Tom Ford's Nocturnal Animals Is Too Stupid To Be Sexy
EntertainmentMuch like the sly grin of someone in a naked Instagram selfie that just barely falls within the platform’s guidelines, Tom Ford’s gratuitous and overwhelmingly dumb new film, Nocturnal Animals, is pathetically convinced of its own audacity. It appears to think watching sexy people in crisis—whether emotional or physical—is inherently profound; as though the harsh juxtaposition of gorgeous movie stars and stomach-churning depravity is all it takes to manufacture an affecting melodrama. But a movie has to do more than just show skin to truly get under it.
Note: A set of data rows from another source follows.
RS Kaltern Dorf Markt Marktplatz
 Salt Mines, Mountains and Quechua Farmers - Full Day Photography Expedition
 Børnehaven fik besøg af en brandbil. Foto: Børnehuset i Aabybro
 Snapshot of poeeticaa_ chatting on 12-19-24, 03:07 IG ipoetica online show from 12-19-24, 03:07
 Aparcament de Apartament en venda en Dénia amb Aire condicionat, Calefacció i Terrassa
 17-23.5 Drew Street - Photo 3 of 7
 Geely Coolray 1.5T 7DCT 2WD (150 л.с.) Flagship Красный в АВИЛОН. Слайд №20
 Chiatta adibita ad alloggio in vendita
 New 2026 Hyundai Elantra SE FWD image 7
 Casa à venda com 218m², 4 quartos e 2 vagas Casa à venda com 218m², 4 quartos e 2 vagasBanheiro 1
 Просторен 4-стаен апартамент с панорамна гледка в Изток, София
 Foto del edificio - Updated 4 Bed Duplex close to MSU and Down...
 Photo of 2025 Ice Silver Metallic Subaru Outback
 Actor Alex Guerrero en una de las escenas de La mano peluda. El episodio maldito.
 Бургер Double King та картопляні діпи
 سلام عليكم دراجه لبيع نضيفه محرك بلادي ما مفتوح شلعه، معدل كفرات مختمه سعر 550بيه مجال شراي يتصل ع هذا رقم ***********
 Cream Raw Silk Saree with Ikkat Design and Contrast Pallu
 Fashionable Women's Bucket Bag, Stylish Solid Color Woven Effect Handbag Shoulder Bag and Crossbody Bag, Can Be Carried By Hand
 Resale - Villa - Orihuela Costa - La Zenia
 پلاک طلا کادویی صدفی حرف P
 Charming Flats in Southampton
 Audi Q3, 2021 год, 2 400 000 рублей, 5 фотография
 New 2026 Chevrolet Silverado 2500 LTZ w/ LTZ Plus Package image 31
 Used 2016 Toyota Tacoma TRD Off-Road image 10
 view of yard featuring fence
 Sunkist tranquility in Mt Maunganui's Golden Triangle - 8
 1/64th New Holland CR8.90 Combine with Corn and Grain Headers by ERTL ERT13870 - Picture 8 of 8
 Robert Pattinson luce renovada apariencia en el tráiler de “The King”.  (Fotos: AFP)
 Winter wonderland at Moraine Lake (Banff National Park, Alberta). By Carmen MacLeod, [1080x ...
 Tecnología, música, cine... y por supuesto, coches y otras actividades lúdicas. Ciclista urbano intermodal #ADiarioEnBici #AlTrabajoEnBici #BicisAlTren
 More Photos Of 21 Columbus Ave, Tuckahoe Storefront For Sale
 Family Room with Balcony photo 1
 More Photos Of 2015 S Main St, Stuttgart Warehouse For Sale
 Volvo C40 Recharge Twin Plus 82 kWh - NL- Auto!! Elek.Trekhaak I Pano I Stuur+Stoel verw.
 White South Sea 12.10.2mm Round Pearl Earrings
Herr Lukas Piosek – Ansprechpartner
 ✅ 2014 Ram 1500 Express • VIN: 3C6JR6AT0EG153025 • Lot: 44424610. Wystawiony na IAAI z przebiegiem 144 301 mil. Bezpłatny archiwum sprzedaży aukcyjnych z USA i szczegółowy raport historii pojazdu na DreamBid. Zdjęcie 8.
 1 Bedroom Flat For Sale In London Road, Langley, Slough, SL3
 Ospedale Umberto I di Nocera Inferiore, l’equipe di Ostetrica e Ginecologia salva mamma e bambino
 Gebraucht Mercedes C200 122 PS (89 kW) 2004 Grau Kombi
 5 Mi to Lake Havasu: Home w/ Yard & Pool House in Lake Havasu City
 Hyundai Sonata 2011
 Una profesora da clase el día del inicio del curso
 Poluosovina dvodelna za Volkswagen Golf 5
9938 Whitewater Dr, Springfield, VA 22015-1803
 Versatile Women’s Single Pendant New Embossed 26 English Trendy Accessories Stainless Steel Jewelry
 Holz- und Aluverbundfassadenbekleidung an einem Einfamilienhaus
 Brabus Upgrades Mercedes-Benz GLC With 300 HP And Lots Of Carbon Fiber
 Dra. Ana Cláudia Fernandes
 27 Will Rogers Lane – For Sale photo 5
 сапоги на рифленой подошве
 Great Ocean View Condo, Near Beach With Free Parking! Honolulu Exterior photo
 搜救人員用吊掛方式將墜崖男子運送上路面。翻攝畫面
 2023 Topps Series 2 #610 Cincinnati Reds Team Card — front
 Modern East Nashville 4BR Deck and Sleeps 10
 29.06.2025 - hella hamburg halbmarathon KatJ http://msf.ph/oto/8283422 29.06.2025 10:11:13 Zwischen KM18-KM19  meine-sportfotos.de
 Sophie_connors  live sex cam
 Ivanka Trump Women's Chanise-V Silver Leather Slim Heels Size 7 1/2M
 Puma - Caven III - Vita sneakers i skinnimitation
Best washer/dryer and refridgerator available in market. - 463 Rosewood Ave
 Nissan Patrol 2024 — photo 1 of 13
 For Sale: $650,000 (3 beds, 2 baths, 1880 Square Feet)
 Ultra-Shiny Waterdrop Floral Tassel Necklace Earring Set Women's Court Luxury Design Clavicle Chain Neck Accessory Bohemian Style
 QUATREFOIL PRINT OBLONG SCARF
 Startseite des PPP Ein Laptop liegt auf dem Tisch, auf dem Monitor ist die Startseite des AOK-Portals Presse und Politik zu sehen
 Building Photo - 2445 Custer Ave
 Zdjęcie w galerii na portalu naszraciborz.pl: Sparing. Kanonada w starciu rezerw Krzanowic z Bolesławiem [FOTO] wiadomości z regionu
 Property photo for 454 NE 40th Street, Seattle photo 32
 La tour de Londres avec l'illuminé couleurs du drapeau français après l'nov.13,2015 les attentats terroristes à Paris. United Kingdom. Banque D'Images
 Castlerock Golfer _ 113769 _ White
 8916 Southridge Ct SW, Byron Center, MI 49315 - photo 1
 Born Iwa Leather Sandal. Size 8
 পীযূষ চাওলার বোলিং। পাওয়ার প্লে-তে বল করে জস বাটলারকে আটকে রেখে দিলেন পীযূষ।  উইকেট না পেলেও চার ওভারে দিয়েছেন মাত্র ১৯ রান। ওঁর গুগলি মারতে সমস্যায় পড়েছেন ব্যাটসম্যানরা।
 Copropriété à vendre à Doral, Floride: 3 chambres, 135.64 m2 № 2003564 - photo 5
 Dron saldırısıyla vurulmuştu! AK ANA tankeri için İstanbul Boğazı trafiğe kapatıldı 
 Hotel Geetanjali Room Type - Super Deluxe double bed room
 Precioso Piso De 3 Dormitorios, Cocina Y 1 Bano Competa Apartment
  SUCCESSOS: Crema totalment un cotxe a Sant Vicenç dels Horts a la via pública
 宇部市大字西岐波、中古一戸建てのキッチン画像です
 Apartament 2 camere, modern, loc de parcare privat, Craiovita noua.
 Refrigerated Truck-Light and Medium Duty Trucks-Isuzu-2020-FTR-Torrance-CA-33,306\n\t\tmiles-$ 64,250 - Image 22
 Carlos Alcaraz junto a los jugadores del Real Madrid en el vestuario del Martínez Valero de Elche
Based on the 1993 novel Tony and Susan, Nocturnal Animals stars Amy Adams as Susan, an unhappy art dealer married to a businessman named Hutton (Armie Hammer), the man for whom she left her first husband, Edward (Jake Gyllenhaal), some 20 years prior. On the night of her newest opening, she receives a package from Edward—a book he’s written (and dedicated to her) called Nocturnal Animals. He asks her to read it, so she does. And there begins the back and forth between “real life” and narrative within the book. We go from Adams—draped on a couch or bed in her LA mansion, and reading in almost total darkness—to the story of Tony Hastings (also played by Gyllenhaal), whose wife Laura and daughter India (Isla Fisher and Ellie Bamber) are raped and murdered by a grimy criminal named Ray (Aaron Taylor-Johnson) and his pals after they force Hastings’s car off the road in the deserts of west Texas.